The construction of a narrative is an exercise of power. A narrator has considerable power to shape a story—eliding some events, highlighting others, and steering the tale toward a preferred ending. Yet narrators also reflect the cultures in which they are embedded, often in ways they do not recognize. Our stories of the extinction or salvation of birds, like all historical narratives, are inescapably part of the culture of capitalism. Oftentimes this is quite conscious and deliberate, as when such narratives draw attention to the effects of capitalism on the environment, or to the effort to protect the environment from capitalist exploitation. Sometimes it is unrecognized, as when we persist in telling stories of birds saved from extinction while bird populations plummet because of the environmental costs of our capitalist economy. In 2024, the United States Department of the Interior marked the fiftieth anniversary of the Endangered Species Act as “50 Years of Success in Wildlife Conservation.” The department pointed to the bald eagle as a notable instance of an “Iconic Species Mak[ing] a Remarkable Comeback.”Footnote 8 We continue to tell stories of extinction, of course, but we relegate them to the musty past, to the era of the passenger pigeon (and other species such as the Carolina parakeet, the last of whom, a captive named Incas, died in the Cincinnati Zoo in 1918, in the same cage that Martha, the last passenger pigeon, had inhabited).

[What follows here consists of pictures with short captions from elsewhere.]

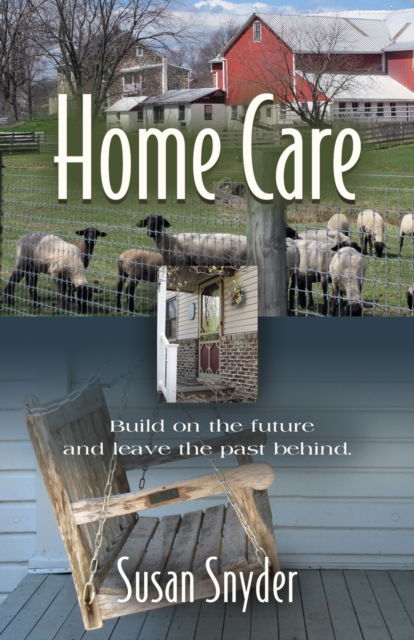 Cover for Susan Snyder · Home Care (Paperback Book) (2022)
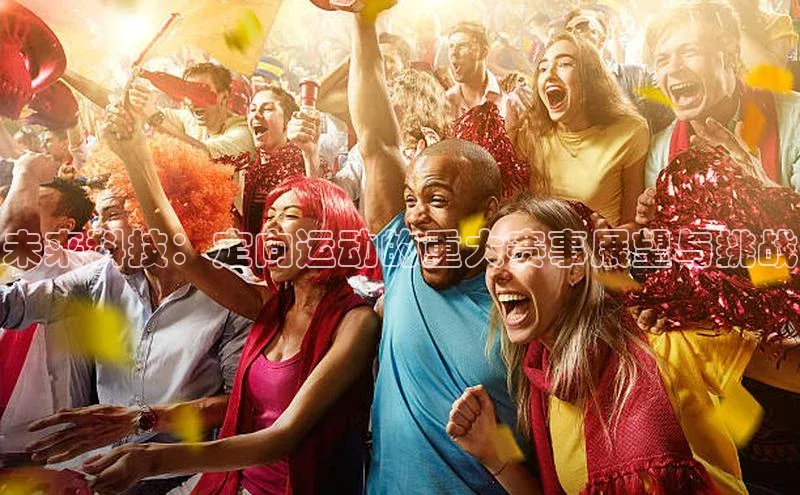 未来科技：定向运动的重大赛事展望与挑战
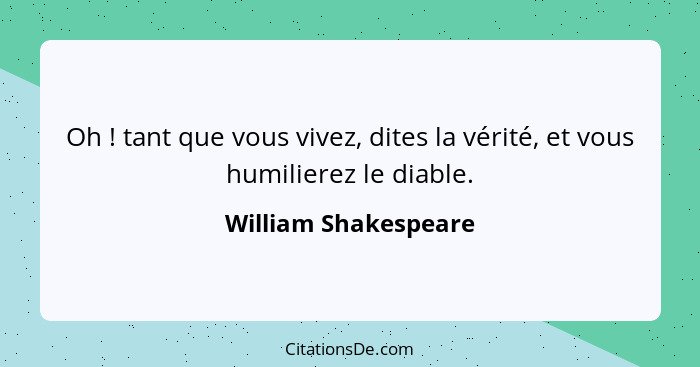 Oh ! tant que vous vivez, dites la vérité, et vous humilierez le diable.... - William Shakespeare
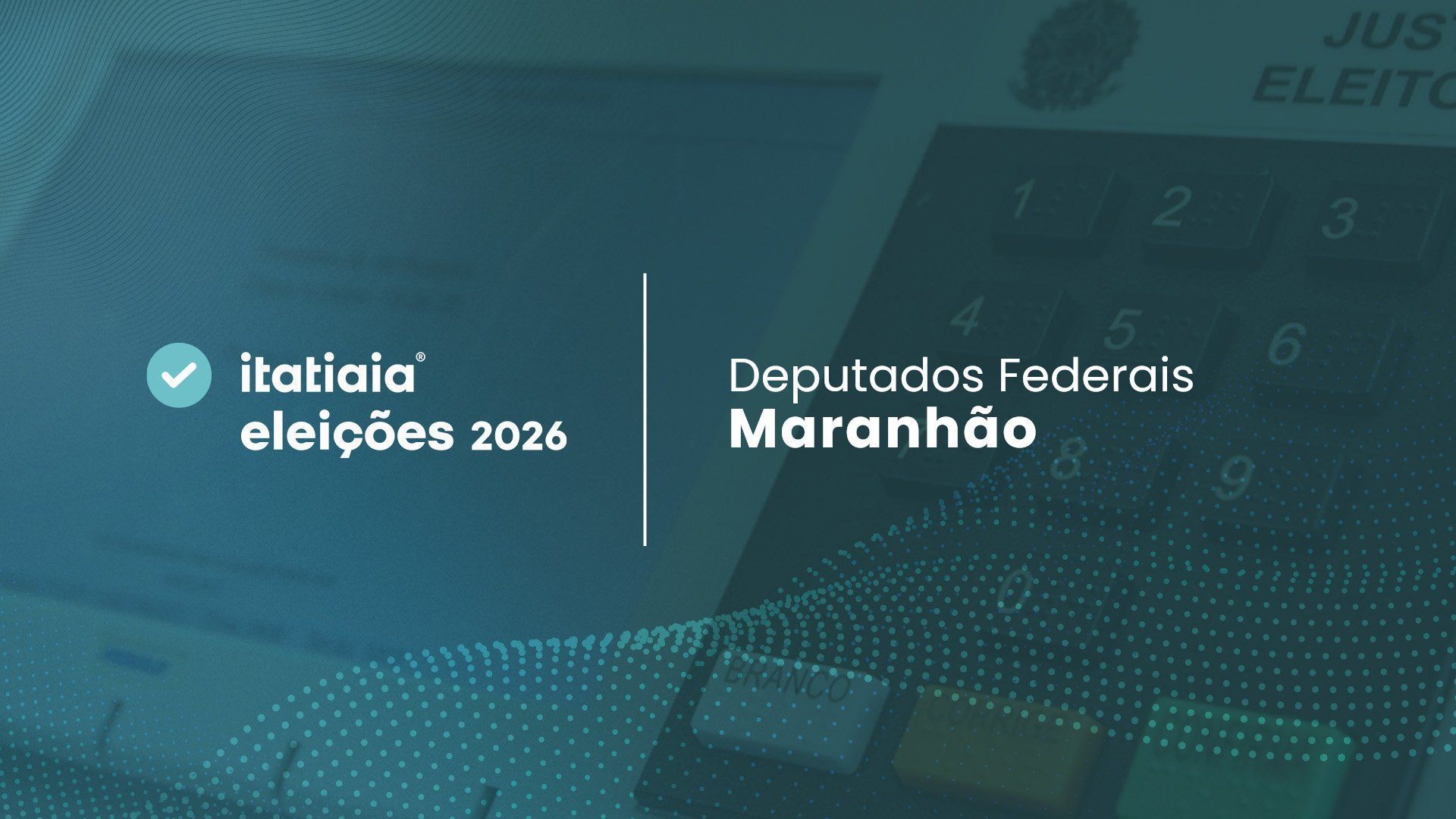 Conheça os deputados federais eleitos pelo Maranhão nas Eleições 2026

According to the stories we tell, in this bygone, benighted age, Americans were less sensible than we are to the deleterious environmental effects of their behavior. Now we are different, we tell ourselves, because we have saved iconic species such as the bald eagle, California condor, and whooping crane from extinction. We know we are different because we enjoy the aesthetic pleasure of seeing one of the few remaining California condors or bald eagles. We know we are different because we feel the moral satisfaction of knowing that our society actively prevented the extinction of certain species.Footnote 9
There are sound reasons to keep telling stories of birds saved from extinction, for the same reason that we tell stories of successful environmental reforms, and of environmental regulations that that produced positive results. Without them, students of environmental history are liable to believe that there are no solutions to the many environmental problems we face. Surely this is what the authors of two books for young readers, Saving Birds: Heroes Around the World and Saving the Spotted Owl: Zalea’s Story, were thinking.Footnote 10 Numerous environmental historians have also rationalized narrating stories of species saved from extinction (or other narratives of successful environmental reform) by casting their stories as blueprints for future action. These rationalizations are not wrong. Yet there are less sound reasons to tell such stories, too. Few environmental historians have escaped the pressure—usually coming from outside the field—to avoid “declensionist” stories. Given the waves of extinctions and animal population declines in recent decades owing to the environmental consequences of industrial capitalism, Marxist scholars would not hesitate to label that pressure, and the narratives that result from succumbing to it, as “false consciousness.” Scholars are not wrong to push back against the pressure to steer environmental narratives toward happy endings.Footnote 11 When it comes to birds in modern America, both we and the critics who fear “declensionism” would do well to remember that our present environmental context is one in which birds are disappearing at unprecedently rapid rates.